After graduating from Providence, she went to play for the George Mason Patriots during the 1994 season. That season she was a Soccer America First-Team All-American, an All-Region selection, was named the ISAA Goalkeeper of the Year, and was included in the All-CAA selection. With her season at George Mason, she set a school record for the best save percentage (.904) in a career or a season, the fewest goals against average (0.54) in a career or a season, and the most shutouts (10) in a season.

Mead appeared for U.S. under-17 national team.
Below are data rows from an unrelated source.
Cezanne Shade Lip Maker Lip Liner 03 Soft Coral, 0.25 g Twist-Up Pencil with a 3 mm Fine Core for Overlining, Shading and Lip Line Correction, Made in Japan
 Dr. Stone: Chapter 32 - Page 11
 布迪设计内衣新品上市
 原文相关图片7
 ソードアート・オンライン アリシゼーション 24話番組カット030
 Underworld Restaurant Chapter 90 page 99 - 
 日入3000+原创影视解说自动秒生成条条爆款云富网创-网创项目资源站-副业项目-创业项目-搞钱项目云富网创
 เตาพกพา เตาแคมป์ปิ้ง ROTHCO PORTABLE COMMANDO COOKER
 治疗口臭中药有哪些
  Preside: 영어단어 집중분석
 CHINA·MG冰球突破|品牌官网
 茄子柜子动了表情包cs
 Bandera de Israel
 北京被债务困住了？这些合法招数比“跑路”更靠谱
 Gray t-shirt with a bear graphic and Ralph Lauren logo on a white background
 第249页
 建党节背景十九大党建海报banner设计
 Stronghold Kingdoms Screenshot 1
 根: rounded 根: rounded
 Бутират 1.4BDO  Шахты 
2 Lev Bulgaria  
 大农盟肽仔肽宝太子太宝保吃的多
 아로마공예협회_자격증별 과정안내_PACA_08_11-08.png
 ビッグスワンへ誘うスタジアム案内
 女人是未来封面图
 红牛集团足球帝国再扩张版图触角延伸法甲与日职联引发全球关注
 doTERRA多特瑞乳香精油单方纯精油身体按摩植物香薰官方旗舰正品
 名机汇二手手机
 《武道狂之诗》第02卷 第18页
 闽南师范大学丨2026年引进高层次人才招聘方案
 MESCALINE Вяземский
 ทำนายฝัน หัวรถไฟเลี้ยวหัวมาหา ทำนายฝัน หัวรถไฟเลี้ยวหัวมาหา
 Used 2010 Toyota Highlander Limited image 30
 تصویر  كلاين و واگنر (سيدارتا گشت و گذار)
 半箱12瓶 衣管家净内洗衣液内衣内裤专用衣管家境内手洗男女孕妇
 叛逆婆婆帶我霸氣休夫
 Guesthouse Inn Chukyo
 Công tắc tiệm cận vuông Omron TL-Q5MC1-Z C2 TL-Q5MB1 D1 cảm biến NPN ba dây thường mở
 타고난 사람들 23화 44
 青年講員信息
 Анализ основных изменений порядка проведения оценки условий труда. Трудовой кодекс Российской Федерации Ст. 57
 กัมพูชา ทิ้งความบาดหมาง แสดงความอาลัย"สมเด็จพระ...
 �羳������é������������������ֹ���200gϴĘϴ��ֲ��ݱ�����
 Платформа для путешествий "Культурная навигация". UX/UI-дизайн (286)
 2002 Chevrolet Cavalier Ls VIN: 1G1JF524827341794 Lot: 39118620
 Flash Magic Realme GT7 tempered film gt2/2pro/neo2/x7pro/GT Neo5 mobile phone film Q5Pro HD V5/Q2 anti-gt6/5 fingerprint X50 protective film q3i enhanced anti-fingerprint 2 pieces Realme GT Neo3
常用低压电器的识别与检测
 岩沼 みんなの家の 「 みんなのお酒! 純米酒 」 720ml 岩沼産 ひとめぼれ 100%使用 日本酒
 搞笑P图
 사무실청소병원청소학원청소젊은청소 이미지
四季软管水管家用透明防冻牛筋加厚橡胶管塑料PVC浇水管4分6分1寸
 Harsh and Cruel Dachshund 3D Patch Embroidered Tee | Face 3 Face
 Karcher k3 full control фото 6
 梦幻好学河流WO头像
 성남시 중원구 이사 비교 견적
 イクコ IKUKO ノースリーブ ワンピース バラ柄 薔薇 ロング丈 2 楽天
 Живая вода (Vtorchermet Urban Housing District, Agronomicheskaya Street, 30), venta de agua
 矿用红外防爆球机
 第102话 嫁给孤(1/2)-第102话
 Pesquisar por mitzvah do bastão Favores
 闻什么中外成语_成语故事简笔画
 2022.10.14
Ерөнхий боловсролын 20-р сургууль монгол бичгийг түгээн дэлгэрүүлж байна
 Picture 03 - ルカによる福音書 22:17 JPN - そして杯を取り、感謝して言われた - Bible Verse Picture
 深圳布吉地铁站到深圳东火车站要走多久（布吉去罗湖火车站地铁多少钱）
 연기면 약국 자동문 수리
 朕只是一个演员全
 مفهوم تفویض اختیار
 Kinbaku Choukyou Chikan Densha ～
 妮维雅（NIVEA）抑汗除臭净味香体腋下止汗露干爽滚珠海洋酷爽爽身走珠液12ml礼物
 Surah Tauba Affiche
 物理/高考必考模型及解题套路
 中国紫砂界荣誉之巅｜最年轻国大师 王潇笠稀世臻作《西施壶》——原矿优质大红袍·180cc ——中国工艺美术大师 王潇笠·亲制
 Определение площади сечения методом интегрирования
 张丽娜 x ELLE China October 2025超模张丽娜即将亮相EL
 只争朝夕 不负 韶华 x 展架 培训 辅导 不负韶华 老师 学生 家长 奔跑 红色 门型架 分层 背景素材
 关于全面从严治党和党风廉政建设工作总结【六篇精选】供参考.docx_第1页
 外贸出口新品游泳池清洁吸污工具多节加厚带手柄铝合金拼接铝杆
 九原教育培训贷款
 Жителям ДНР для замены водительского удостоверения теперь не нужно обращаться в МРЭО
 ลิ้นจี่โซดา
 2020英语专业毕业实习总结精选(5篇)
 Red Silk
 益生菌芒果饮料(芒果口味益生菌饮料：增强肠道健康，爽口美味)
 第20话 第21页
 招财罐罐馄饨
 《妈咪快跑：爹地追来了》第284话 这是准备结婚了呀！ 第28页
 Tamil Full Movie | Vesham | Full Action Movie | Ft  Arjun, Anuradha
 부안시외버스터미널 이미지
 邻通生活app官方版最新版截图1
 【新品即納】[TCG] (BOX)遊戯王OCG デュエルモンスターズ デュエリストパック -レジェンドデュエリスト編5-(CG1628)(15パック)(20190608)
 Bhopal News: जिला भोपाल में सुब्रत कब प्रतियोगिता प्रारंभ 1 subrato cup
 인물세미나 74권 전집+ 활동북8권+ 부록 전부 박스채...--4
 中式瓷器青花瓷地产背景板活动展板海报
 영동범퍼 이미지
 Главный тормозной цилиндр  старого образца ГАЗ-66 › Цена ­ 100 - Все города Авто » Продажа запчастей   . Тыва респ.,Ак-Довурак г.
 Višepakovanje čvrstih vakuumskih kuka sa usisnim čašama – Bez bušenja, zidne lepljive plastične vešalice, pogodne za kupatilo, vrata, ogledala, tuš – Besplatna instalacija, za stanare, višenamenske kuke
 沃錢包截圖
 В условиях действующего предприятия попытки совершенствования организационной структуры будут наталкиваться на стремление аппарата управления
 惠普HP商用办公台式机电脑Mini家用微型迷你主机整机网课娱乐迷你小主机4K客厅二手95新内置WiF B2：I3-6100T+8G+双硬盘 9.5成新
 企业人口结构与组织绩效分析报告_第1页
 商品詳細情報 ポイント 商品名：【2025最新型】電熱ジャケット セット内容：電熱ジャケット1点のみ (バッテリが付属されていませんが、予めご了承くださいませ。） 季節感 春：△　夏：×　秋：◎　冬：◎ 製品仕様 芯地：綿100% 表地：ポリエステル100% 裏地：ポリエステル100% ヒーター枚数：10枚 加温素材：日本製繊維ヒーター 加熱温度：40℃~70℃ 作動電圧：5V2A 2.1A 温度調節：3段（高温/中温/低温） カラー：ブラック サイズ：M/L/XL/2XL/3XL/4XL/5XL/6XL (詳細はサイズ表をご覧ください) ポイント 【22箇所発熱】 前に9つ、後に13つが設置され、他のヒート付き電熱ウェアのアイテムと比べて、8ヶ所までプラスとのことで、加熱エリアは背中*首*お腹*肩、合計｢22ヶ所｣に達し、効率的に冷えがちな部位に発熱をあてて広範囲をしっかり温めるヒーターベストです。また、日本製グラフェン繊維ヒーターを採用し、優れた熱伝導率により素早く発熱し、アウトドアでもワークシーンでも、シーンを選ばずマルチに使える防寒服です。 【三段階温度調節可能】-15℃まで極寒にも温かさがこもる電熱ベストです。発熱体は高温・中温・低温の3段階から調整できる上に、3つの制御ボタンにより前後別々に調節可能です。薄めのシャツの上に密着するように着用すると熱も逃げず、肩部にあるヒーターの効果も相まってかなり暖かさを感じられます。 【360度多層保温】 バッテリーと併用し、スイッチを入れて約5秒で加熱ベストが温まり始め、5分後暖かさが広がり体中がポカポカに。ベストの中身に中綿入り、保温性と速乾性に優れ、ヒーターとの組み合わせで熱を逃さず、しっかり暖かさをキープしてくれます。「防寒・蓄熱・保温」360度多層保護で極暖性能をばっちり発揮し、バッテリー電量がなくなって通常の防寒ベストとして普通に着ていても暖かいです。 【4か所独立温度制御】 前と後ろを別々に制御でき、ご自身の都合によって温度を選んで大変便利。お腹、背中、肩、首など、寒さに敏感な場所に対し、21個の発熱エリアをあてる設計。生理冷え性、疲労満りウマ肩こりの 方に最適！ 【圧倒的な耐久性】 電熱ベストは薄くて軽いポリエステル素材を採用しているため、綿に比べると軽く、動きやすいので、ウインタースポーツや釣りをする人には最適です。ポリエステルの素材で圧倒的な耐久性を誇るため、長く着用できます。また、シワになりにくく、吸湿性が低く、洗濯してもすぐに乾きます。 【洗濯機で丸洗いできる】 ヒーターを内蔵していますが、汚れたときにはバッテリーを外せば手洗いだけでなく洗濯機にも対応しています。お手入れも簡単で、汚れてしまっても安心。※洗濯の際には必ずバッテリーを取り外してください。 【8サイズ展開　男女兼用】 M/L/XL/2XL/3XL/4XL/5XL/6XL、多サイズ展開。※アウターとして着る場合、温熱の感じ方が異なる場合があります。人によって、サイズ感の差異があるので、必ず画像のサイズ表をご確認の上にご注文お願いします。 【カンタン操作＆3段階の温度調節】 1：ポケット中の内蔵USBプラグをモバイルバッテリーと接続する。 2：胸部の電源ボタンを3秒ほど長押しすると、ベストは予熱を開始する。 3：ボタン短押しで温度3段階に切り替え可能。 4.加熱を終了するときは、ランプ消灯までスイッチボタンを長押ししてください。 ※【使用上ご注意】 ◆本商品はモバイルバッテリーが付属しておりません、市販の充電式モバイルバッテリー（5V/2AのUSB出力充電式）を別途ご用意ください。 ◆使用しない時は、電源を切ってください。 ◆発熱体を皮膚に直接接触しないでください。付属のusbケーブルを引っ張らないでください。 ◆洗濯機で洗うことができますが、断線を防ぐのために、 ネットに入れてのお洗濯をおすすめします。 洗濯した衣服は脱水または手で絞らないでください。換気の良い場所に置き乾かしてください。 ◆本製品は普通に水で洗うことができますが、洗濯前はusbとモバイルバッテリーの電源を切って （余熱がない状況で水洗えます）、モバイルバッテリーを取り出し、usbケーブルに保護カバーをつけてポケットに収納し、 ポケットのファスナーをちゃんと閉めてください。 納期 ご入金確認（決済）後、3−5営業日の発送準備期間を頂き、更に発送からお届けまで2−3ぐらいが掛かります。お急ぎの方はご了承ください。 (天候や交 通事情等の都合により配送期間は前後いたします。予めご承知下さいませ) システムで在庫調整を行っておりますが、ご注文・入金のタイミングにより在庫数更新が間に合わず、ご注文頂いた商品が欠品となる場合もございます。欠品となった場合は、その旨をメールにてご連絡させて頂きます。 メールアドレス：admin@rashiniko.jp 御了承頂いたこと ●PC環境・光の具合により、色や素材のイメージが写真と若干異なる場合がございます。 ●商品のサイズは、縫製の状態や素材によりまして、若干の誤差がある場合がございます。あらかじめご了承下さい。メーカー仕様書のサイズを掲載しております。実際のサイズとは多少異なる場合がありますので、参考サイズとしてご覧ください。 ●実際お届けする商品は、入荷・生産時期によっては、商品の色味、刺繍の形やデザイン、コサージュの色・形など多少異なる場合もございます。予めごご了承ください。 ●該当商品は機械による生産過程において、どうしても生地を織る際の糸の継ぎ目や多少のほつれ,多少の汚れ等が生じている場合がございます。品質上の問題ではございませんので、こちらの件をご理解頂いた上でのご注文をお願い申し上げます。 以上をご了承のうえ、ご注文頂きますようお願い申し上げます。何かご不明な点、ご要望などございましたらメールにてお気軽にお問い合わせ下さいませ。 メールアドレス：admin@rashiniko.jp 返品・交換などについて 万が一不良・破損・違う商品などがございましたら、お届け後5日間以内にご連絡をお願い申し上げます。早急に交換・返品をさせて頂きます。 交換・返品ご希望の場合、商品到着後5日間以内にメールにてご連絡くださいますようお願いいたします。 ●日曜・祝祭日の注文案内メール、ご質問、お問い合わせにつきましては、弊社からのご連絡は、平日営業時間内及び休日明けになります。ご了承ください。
She made her international debut for the United States on June 21, 1993, in a friendly match against Canada. In total, she made six appearances for the U.S., earning her final cap on December 13, 1997, in a friendly match against Brazil.

In club soccer, Mead played for the Boston Renegades. In 2001, she joined the Bay Area CyberRays for the inaugural WUSA season, though a knee injury only allowed her to make one appearance during the season. She retired from her playing career at the end of the season.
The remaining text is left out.